One especially valuable passage in the book is the accessible introduction to one of the most powerful economic theories of organization, Transaction Cost Economics (TCE). TCE emerged in the 1970s and its originator, Oliver Williamson, received the 2009 Nobel Prize in Economics, yet I have seen relatively little coverage of the theory in popular social science books. Put succinctly, TCE helps explain why organizations exist. It explains why some transactions are governed by market mechanisms (i.e. contracts) and others are governed by hierarchies (i.e. organizations), by analyzing how the relative costs of these competing forms of governance vary depending on the nature of the transaction. The large academic literature on TCE helps explain why firms shift toward or away from vertically integrated structures over time. Integration is favored when contracts are harder to write, for example when monitoring of effort or output is trickier or when rapid change generates uncertainty about the future.
Brynjolfsson and McAfee bring this theory to bear to examine what the emergence of digital platforms means for the size of organizations. The rise of Big Data reduces our uncertainty about transaction partners, as we know more about their track record. In addition, transaction platforms can incorporate tools to reduce the likelihood we get defrauded by counterparts we transact with over the platform. These factors lower the cost of using market mechanisms to govern transactions. More transactions can be governed by markets rather than hierarchies. As a result, digitization can drive down the size of organizations, and mean workers are increasingly treated as contractors rather than employees (a source of considerable controversy!).
The book is arranged in three sections each devoted to one of the phenomena mentioned in the title. (Machine here refers to machine learning technology and Crowd refers to decentralized modes of organizing). To expand on the book, one could undertake a structured analysis of how the three phenomena mutually interact and (potentially) reinforce one another. I’ve sketched out the beginnings of such an analysis in the Figure below. There are at least seven mechanisms generating synergies between machines, platforms, and crowds, several of which are mentioned in the book, and several of which I’ve added:
- Machine learning improves digital platforms through two main mechanisms. First, it improves the quality of search tools which allow digital platforms to make better quality matches between users and complements. This helps users access the long tail of products that are hard to provide in offline settings. Example: Amazon’s recommendation algorithm helps users find items they want to buy.
- Second, machine learning tools reduce costs related to processing transactions over platforms. Machine learning helps platforms verify identities and detect fraud.*
- Crowds contribute to the effectiveness of platforms. User generated feedback is an important basis for establishing the trust that allows transactions to happen on digital platforms. For example, users rate their Uber drivers—and drivers rate passengers. User feedback weeds out bad actors, thereby improving users’ confidence in the platform.
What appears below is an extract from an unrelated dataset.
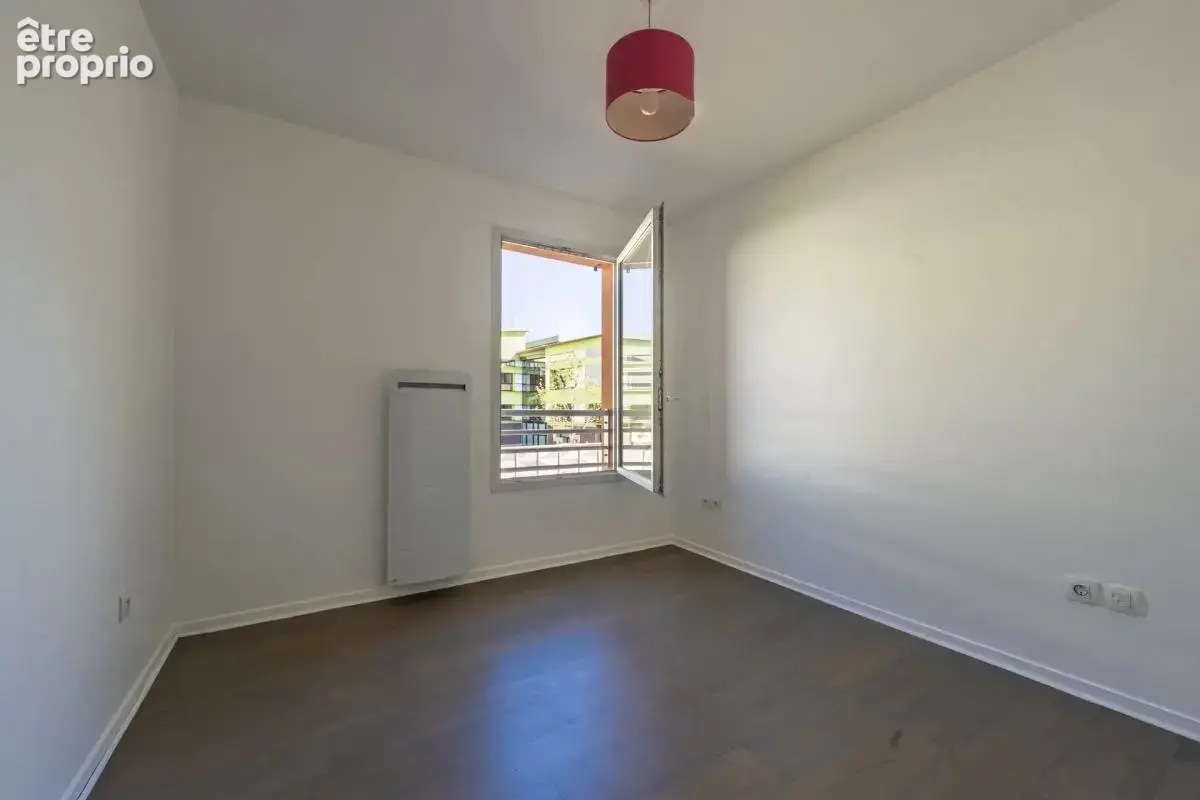 Appartement de 4 pièces de 82 m² à Choisy-le-Roi - photo 9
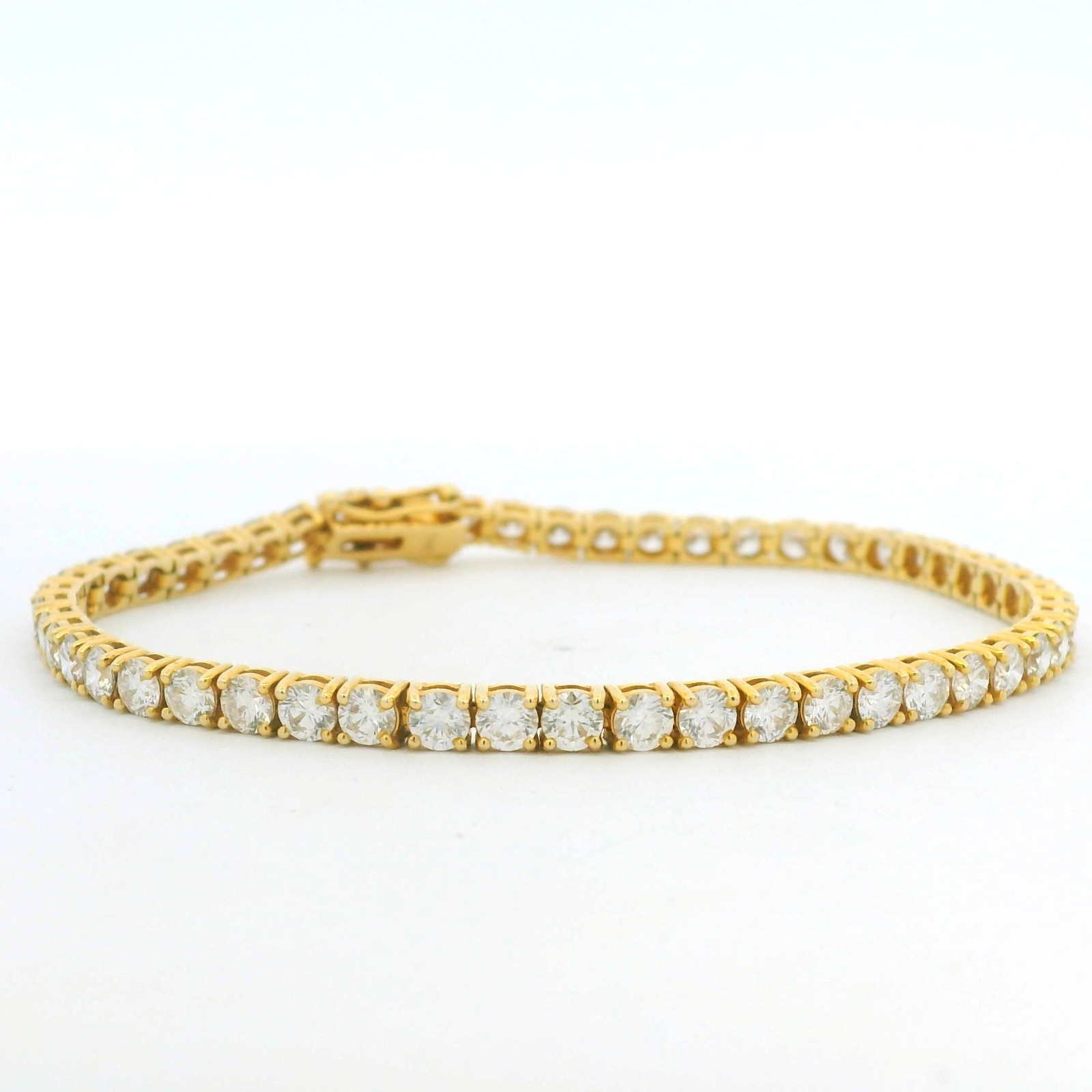 14k Yellow Gold Natural 6.36 Carat Round Brilliant Cut Diamond Tennis Bracelet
- Platforms, in turn, enable machine learning. McAfee and Brynjolfsson identify the five critical inputs of machine learning as (i) data, (ii) algorithms, (iii) networks, (iv) the cloud, and (v) hardware. Platforms directly improve machine learning tools by generating masses of data on user interactions. This data can be used to train algorithms to make predictions, which can feed into automated decisions made by the algorithm. For example, Google uses past data on who tends to clicks on what in order to optimize its ad-serving algorithms.
- Platforms can be used to run innovation contests, which employ the “wisdom of the crowd” to solve difficult technical problems. Innovation contests may be used for many types of problems but have proven particularly effective for firms searching for better algorithms. In this way, platforms and crowds jointly contribute a key input to machine learning. For example, Netflix used an innovation contest to find a better user recommendation algorithm.
- Machines and platforms empower crowds. Machines and platforms democratize entrepreneurship by providing tools for anyone to go about building their own business. Machine learning tools are not exclusively used by large firms: powerful tools such as TensorFlow have been made open source, meaning anyone may adopt them for free. Other tools, such as IBM’s Watson or Microsoft’s Azure, are available to entrepreneurs to incorporate as modules in their enterprise via an API.
- And, finally, crowdfunding platforms allow entrepreneurs to raise financial capital to support their business. Some crowdfunding is “reward-based” (e.g. Kickstarter) allowing the entrepreneur to effectively make pre-sales which then fund production, while other platforms exist for founders to raise equity or debt finance from a broad pool of small investors.
*Machine learning to improve fraud detection is discussed in some detail in the book Prediction Machines by Agrawal, Goldfarb, and Gans.